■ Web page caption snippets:
****************************************

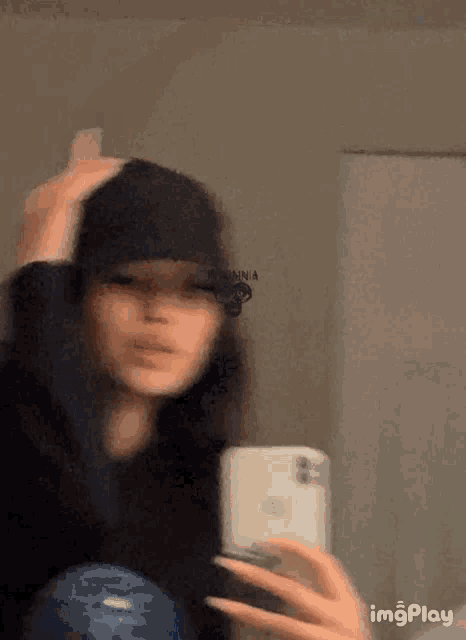 a girl is taking a selfie in front of a mirror .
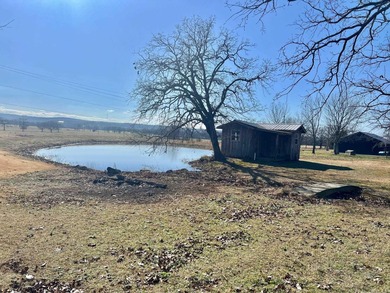 Location Location! This inviting rock home sits on 2.40 acres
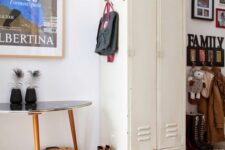 51 a pretty mudroom with a creamy locker, a rack, a mid-century modern coffee table, bold posters as artwork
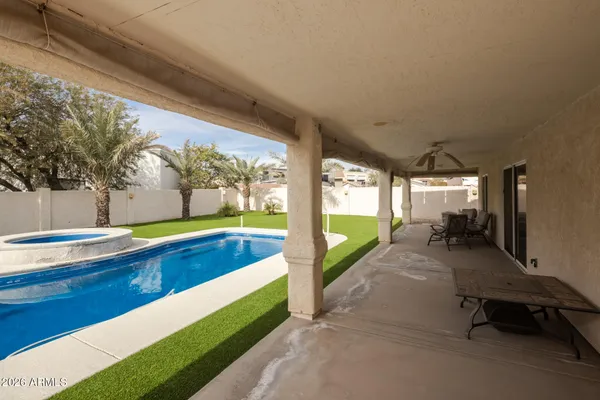 a swimming pool with outdoor seating and yard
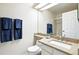 Bathroom featuring granite countertops, decorative mirror, and a glass shower at 6401 S Forest St, Centennial, CO 80121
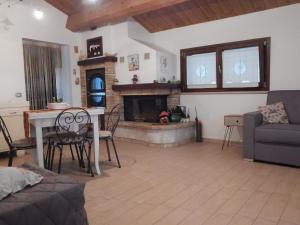 a living room with a table and a fireplace at B & B LE TRE B in Fano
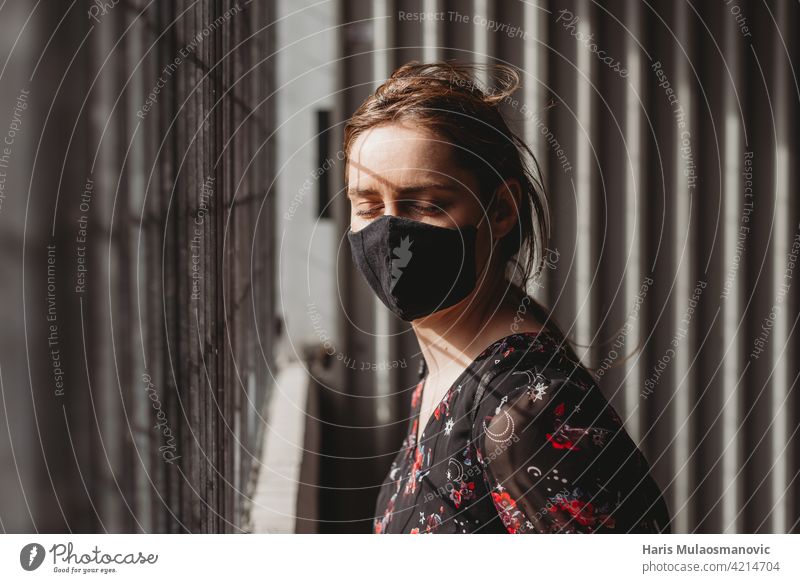 depressive Frau mit Gesichtsmaske hinter Metallstäben geschlossene Augen auf die Sonne Strahlen Erwachsener Amerikaner Angst apokalyptisch schwarz atmen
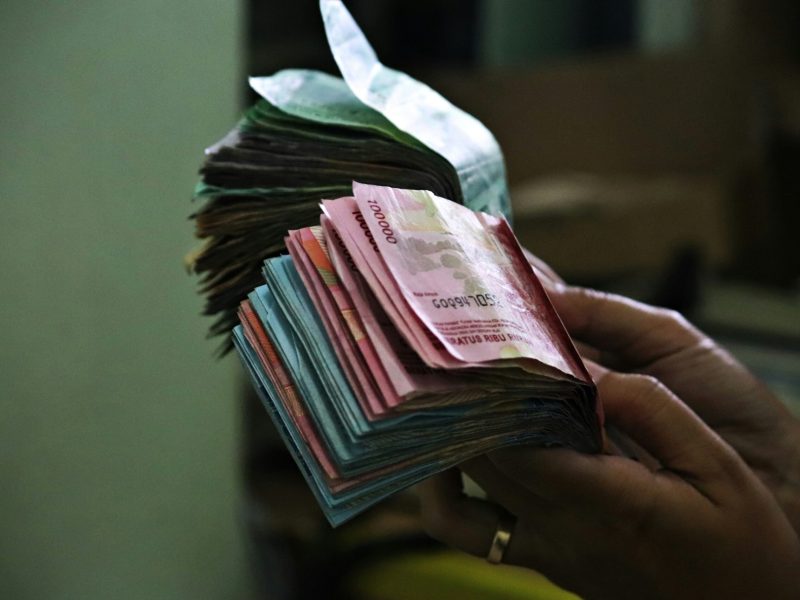 Uang Tunai Tangan seseorang memegang setumpuk uang kertas Rupiah Indonesia.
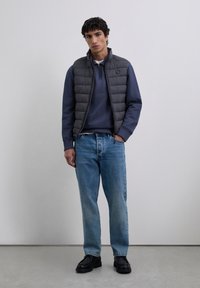 Joven vestido con un chaleco acolchado negro sobre un suéter azul marino de media cremallera, jeans azul claro y zapatos negros, de pie contra un fondo sencillo.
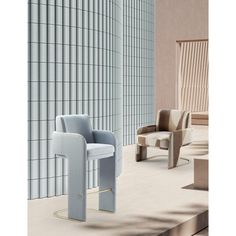 two chairs sitting next to each other in front of a wall with vertical lines on it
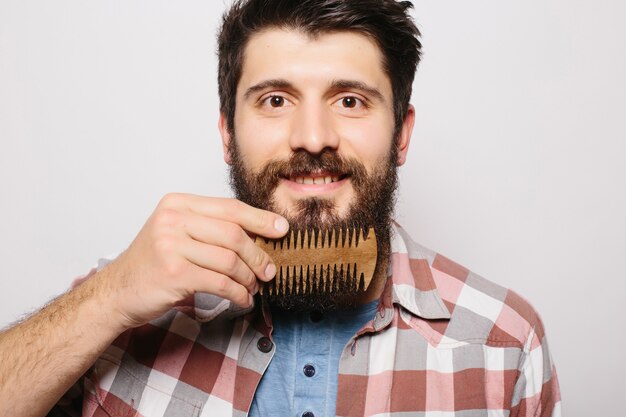 Portrait of young attractive redhead hipster male with serious and confident look, holding wooden comb and doing his thick beard. Stylish bearded barber in checkered shirt combing in salon. Horizontal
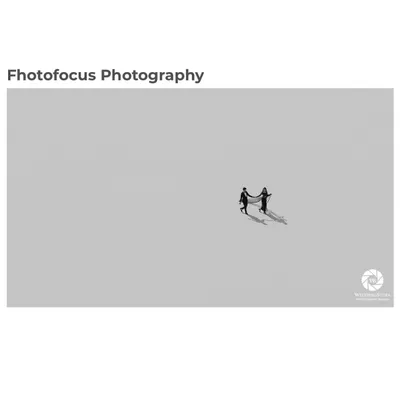 This is our award-winning shot for Black and White photography. The minimalist composition, inspired by our architectural background, uses negative space to draw the eye to the couple, creating a powerful and artistic statement about their journey together.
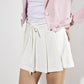 PLEATED SHORT SKIRT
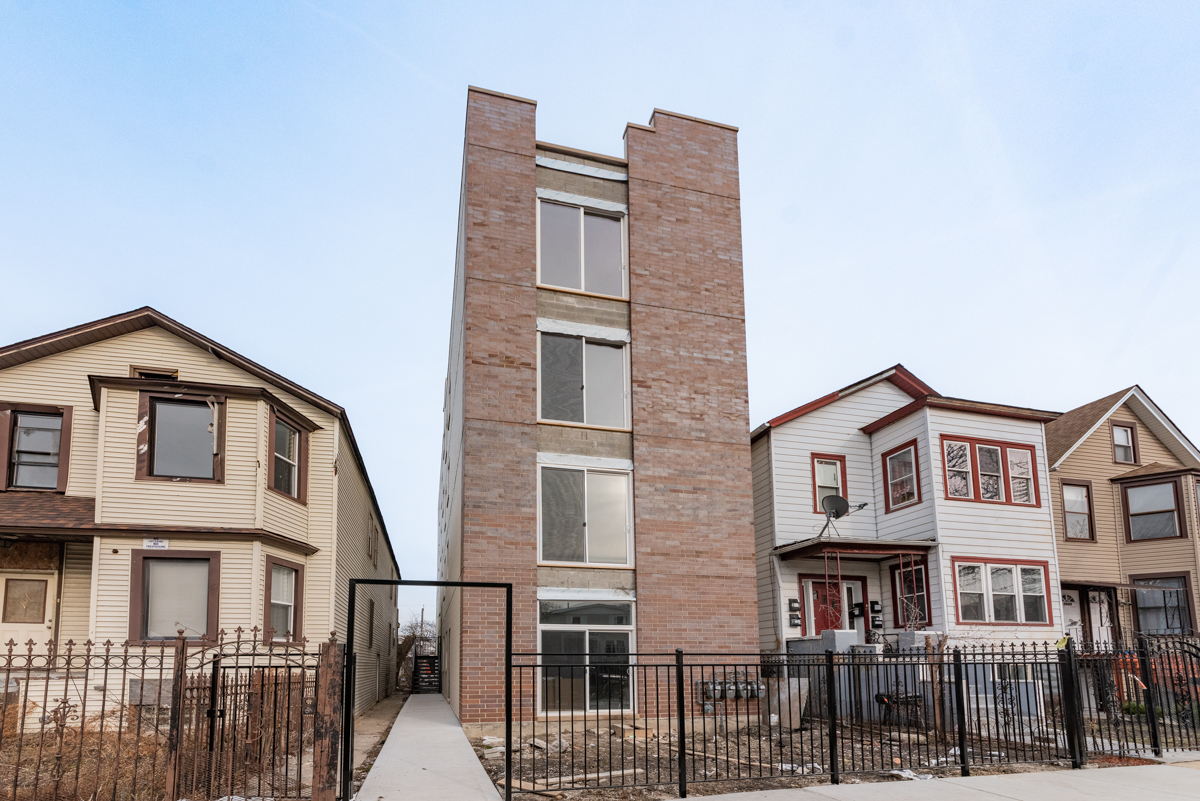 a view of a brick building next to a yard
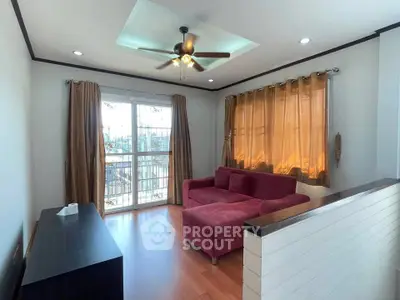 Charming living room with cozy red sofa, ceiling fan, and large windows for natural light.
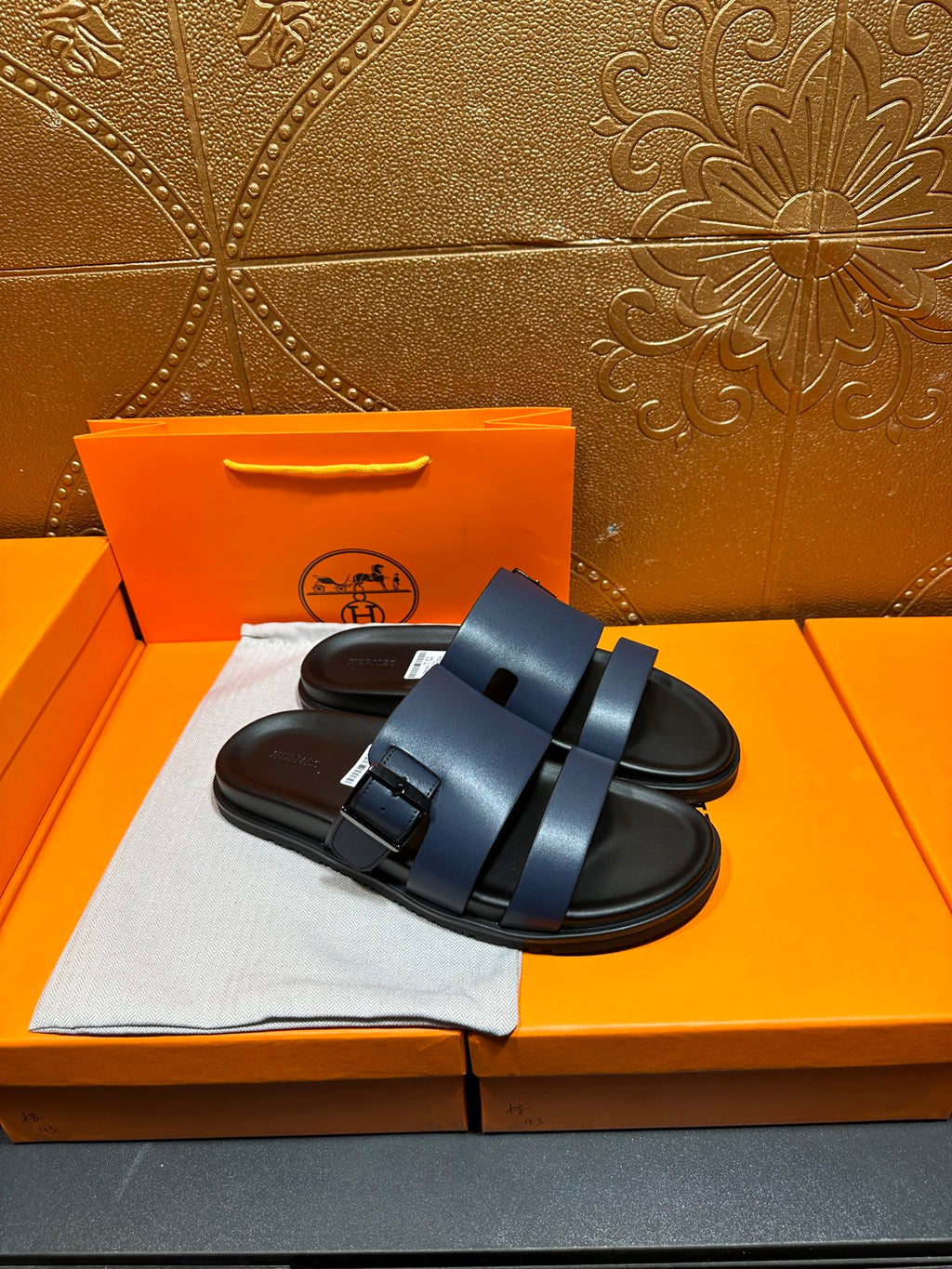 Hermes dark blue sandals with two wide straps and textured footbed, side view.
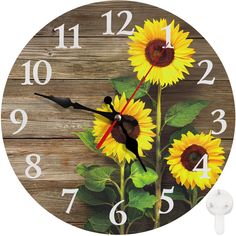 a clock with sunflowers painted on the face and numbers in white, against a wooden background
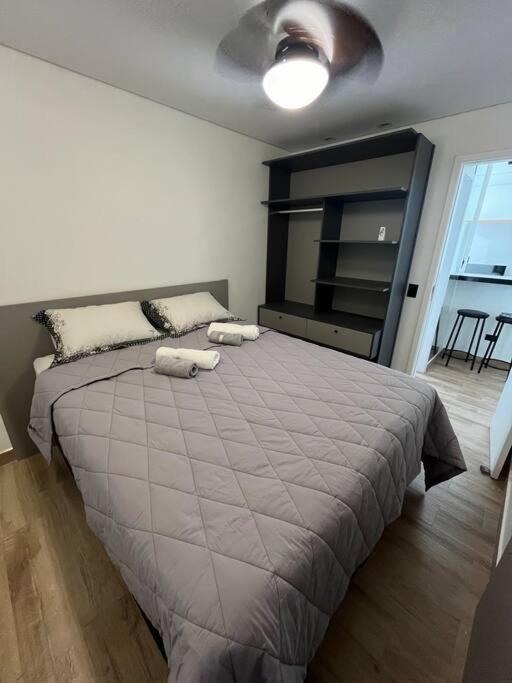 a bedroom with a large bed with two pillows on it at Apt próximo do metrô carrão in Sao Paulo
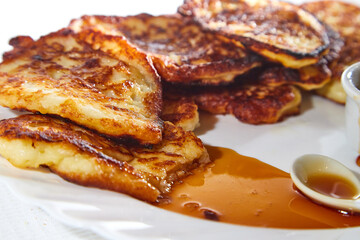 Pancakes on white plate and sweet liquid honey or caramel with a small spoon and with background. Delicious fried flour food. Unhealthy and harmful, but very tasty food.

****************************************

■ WHAT IS BEING ASKED: Restate exactly, please, only the lines between the start of the data and the line containing "two chairs sitting", both ends included, skipping the pictures.

■ REPLY:
 a girl is taking a selfie in front of a mirror .
 Location Location! This inviting rock home sits on 2.40 acres
 51 a pretty mudroom with a creamy locker, a rack, a mid-century modern coffee table, bold posters as artwork
 a swimming pool with outdoor seating and yard
 Bathroom featuring granite countertops, decorative mirror, and a glass shower at 6401 S Forest St, Centennial, CO 80121
 a living room with a table and a fireplace at B & B LE TRE B in Fano
 depressive Frau mit Gesichtsmaske hinter Metallstäben geschlossene Augen auf die Sonne Strahlen Erwachsener Amerikaner Angst apokalyptisch schwarz atmen
 Uang Tunai Tangan seseorang memegang setumpuk uang kertas Rupiah Indonesia.
 Joven vestido con un chaleco acolchado negro sobre un suéter azul marino de media cremallera, jeans azul claro y zapatos negros, de pie contra un fondo sencillo.
 two chairs sitting next to each other in front of a wall with vertical lines on it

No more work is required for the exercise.